As a woman who finally called her male best friend up to the big leagues and turned a friendship into a relationship, I can’t help but wonder, “What the hell took me so long?” Why is it that women keep some guys in the “friend zone,” rather than giving them a chance? After lots of thought, I can’t even think of a logical explanation for the phenomenon. All I could think of were pros which, hopefully, make women rethink that guy they’ve been keeping in the friend zone for so long.

1. He has seen you at some of your lowest moments and has stuck around.

Whether you were sobbing uncontrollably over your favorite chick flick, puking in a bush after one too many margaritas, or on your deathbed with the flu, he has seen them all and didn’t run for the hills. Most boyfriends get annoyed when they have to hold your hair back as you puke and will never understand why The Notebook makes you weep like an infant, but your guy friend understands, or at least pretends he does. While he might poke fun at you, he means well, and it’s his way of saying that you guys have a comfortable enough relationship that you can do these things.

2. You can eat around him!

This is one of my favorites because, admit it, at the beginning of every relationship a lot of women are too shy to really eat in front of a guy. We order the salad when we really want a greasy burger because we don’t want to look messy and “un-ladylike” around a guy. Meanwhile, your guy friend has seen you eat a pint of ice cream by yourself, or go back for a third helping of pasta and make a complete mess while eating buffalo wings. You have become so comfortable around each other that you don’t care what he thinks about your eating habits. You don’t feel the pressure to impress him because you still haven’t seen him as “boyfriend material.”

3. You can look like a complete slob and they still think you’re beautiful.

My current best friend-gone-boyfriend first met me when I was in a baggy t-shirt, basketball shorts, disheveled hair and no make-up and he still told his roommate he thought I was cute. Your guy friend has seen you both dressed up and chilling in your sweats and could not care what you look like either way.

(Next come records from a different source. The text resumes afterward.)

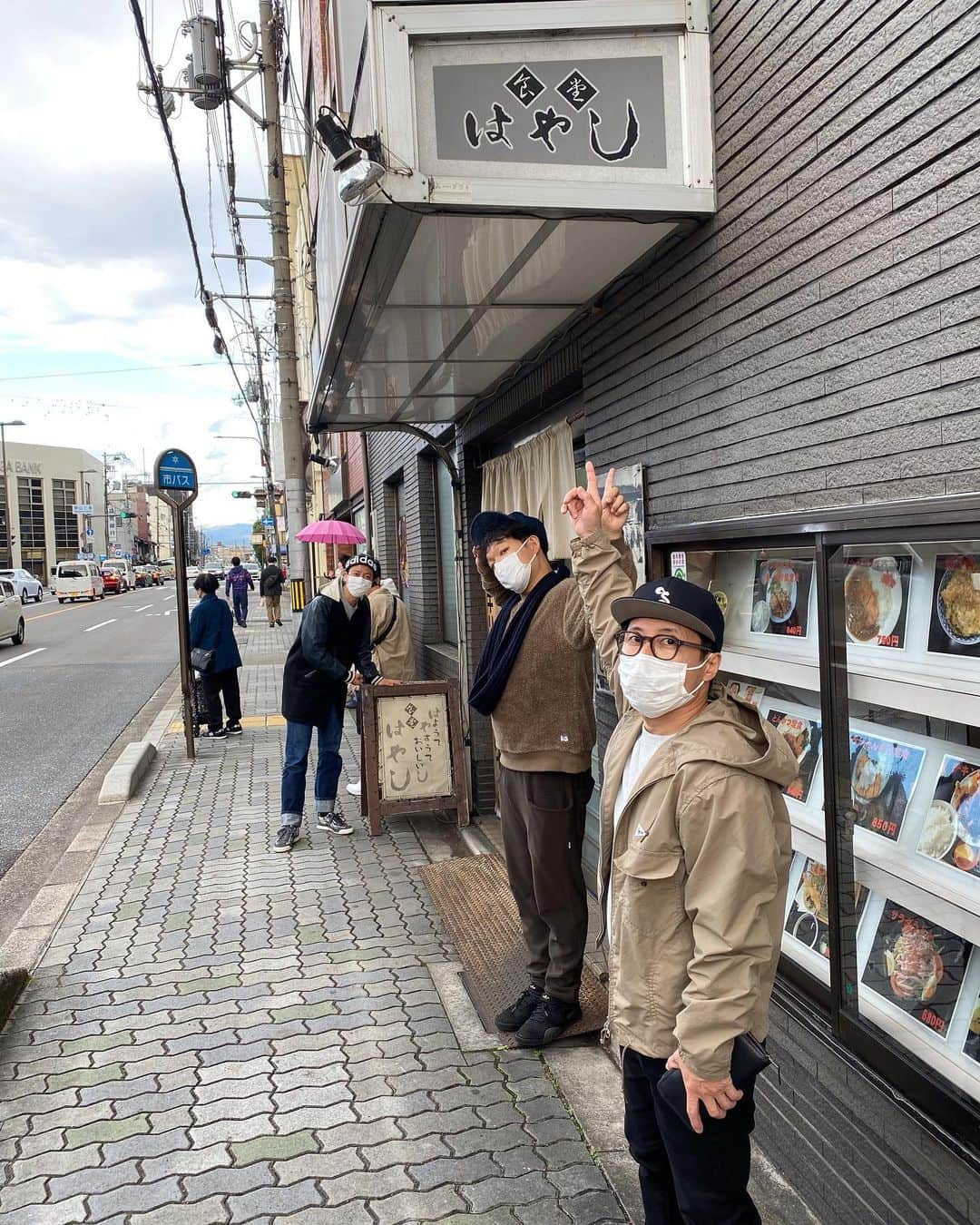 すっちーのインスタグラム：「今日から6日間 祇園花月出番です⛩ 祇園花月の時は はやし‼️ おいしかった😊 おばちゃん今日もキレイでした😊」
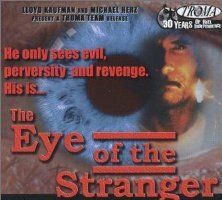 Глаз незнакомца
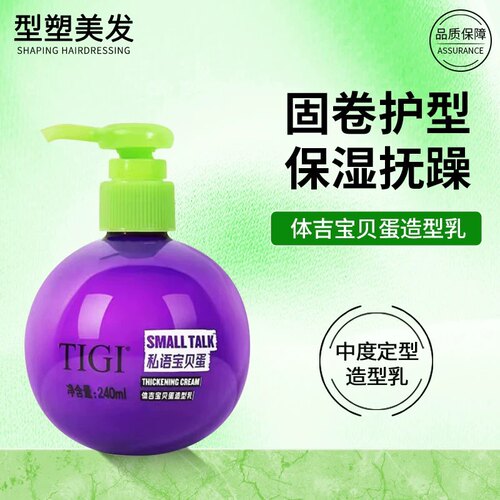 弹力素保湿护发TIGI体吉卷发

Again, you feel comfortable enough around your guy friend that there is no pressure to dress up every time you see him and a relationship will not change his opinions on your looks.

4. No awkward judging phase.

At the beginning of every relationship, there is that awkward “getting to know you” phase. This is one of the hardest parts because a lot of us have things we don’t like sharing right off the bat. We’re afraid of the other person judging us. Meanwhile, your guy friend has heard them all and never judged you for a minute because you’re so close and you being able to confide in each other just made the friendship stronger.

5. Every quirk your ex hated about you, he loves.

Whether it’s your obnoxious laugh, your inability to make a decision, the fact the volume in your car must always be set to an even number, etc., he might laugh at them, but he loves them. He might not understand them, but you’re one of his best friends and he wouldn’t change them for anything.

6. Everything you complained that your boyfriend or ex didn’t do, he does.

We all complain to our guy friend about how our boyfriend never listens to us, shows he cares, or wants to go out. Meanwhile, guy friends do all of those things. Whether we vent to them about a crappy day at work or the fight we had with our parents, they’ve been there to listen. They’ve brought us coffee when we were having a bad day at work or just lent us a shoulder to cry on. They’ve been there and will continue to be there for you no matter what.

So there you have it, ladies. Rethink why you’re keeping that guy friend in the friend zone while striking out with loser after loser. At the end of the day, your guy friend will always be there for you and isn’t that what we want out of our relationships anyway? Someone who will always be there for us?